All this mess makes one feel as if it will not last. I'm not sure how much more I can deal with either. I normally can deal with things like this for a while but it is starting to get out of hand.


----------



## Wolf-Bone (Jul 26, 2005)

Well, I don't really have an opinion there, but I think my friend Spicoli has something he'd like to say on the matter


----------



## shinmew (Jul 27, 2005)

Your "friend" will just have to get over it. 

Anyhow.......

I don't know if you've been with the site since it first started, but it has had it's share of problems. The more that happen, the less people will visit. Why would an artist want to post his/her art on a site that few ever visit? I'm willing to stick with the site until less and less people start showing up. I'd hate to post art in nobody is going to be around to enjoy it. From a lurkers point of view, why go to an art site with less art getting posted due to problems with the site? A lot of artist I know from Yahoo groups ran to this place. I've not spoken to a lot of them until I found this site. Yes, I'm glad that I can speak to them again and not have to worry about one or both of our yahoo IDs getting deleted and lose a way to contact them, but it for some reason that they must go to another site, then I may lose track of them again. 

Yes, Fur Affinity means a lot to a lot of us, but so did our yahoo groups.
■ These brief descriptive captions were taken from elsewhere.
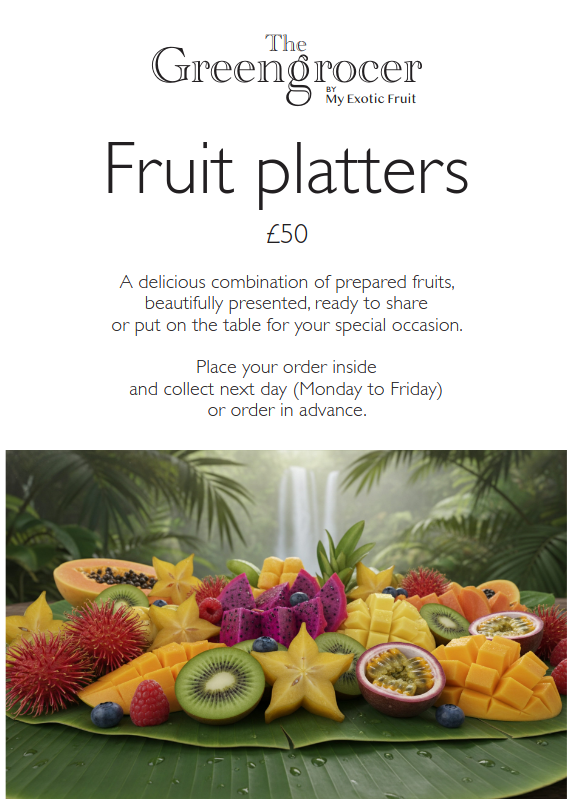 fruit platters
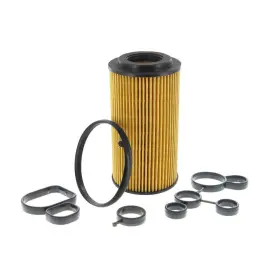 V10-4983 Vaico Housing Oil Filter For 13 Volkswagen Golf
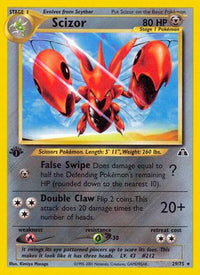 Scizor (29) (29) 029/75  - Unlimited Neo Discovery - Rare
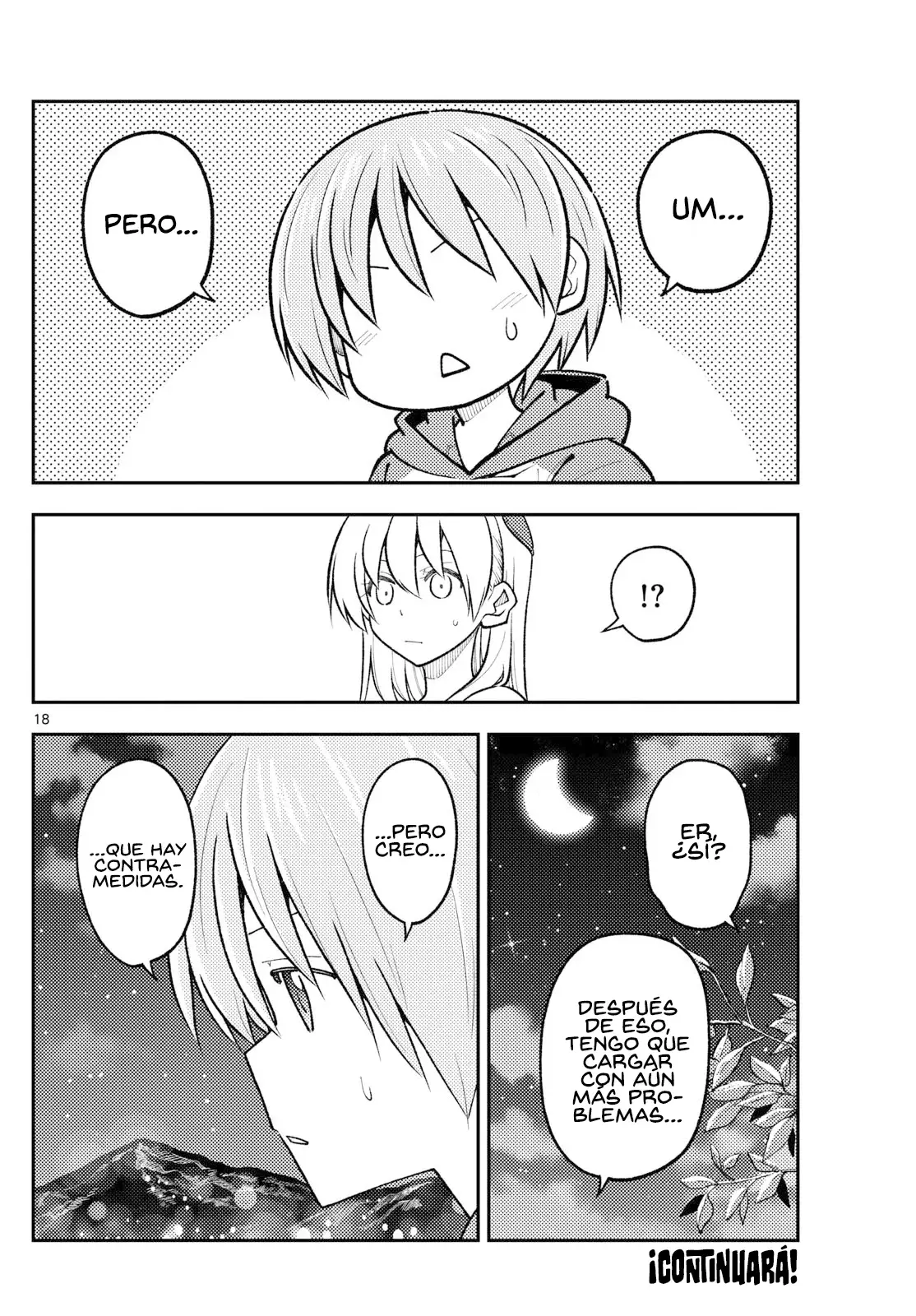 Tonikaku Kawaii Capítulo 269 - Página 19 en español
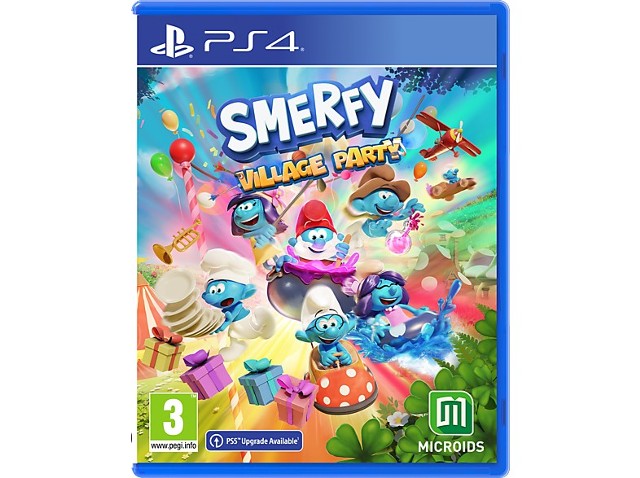 Gra PS4 Smerfy - Village Party (Kompatybilna z PS5)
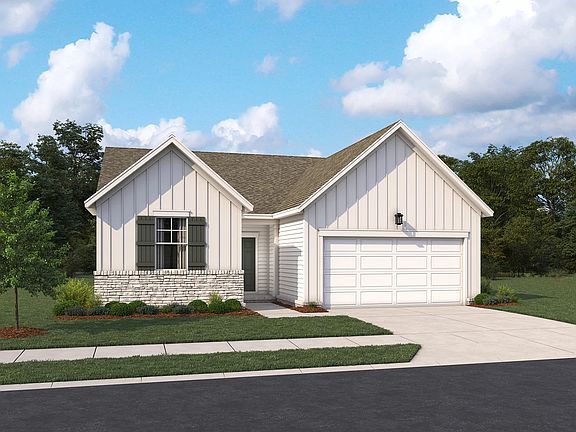 Cedars of Cane Ridge 55 Community - Canyon II Elevation Image 3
If things go down hill, we may just have to relocate again. We artist are poor people who need a nice free place with high traffic to post our work. So it may take a lot to make us leave.... a loss in traffic could do just that. Let's just hope that all this mess does not cause that to happen.


----------



## uncia2000 (Jul 27, 2005)

shinmew said:
			
		

> I don't know if you've been with the site since it first started, but it has had it's share of problems.
> ...
> Yes, Fur Affinity means a lot to a lot of us, but so did our yahoo groups.


Agreed.

FA did have a valid excuse of sorts in that it _was_ a rush-job to help get SA refugees back up and running in a more open community, asap.
Using that particular "excuse" for anything probably wore very thin several months back, however. 

I'm sure things have the potential to work out. Goodness knows there's been enough effort put in to hope the payback would be positive for all that.
Hopefully there will be physical help to aid such efforts as well as just kind words. (And that those will be freely accepted in the spirit they are offered).

jmo... ^^


----------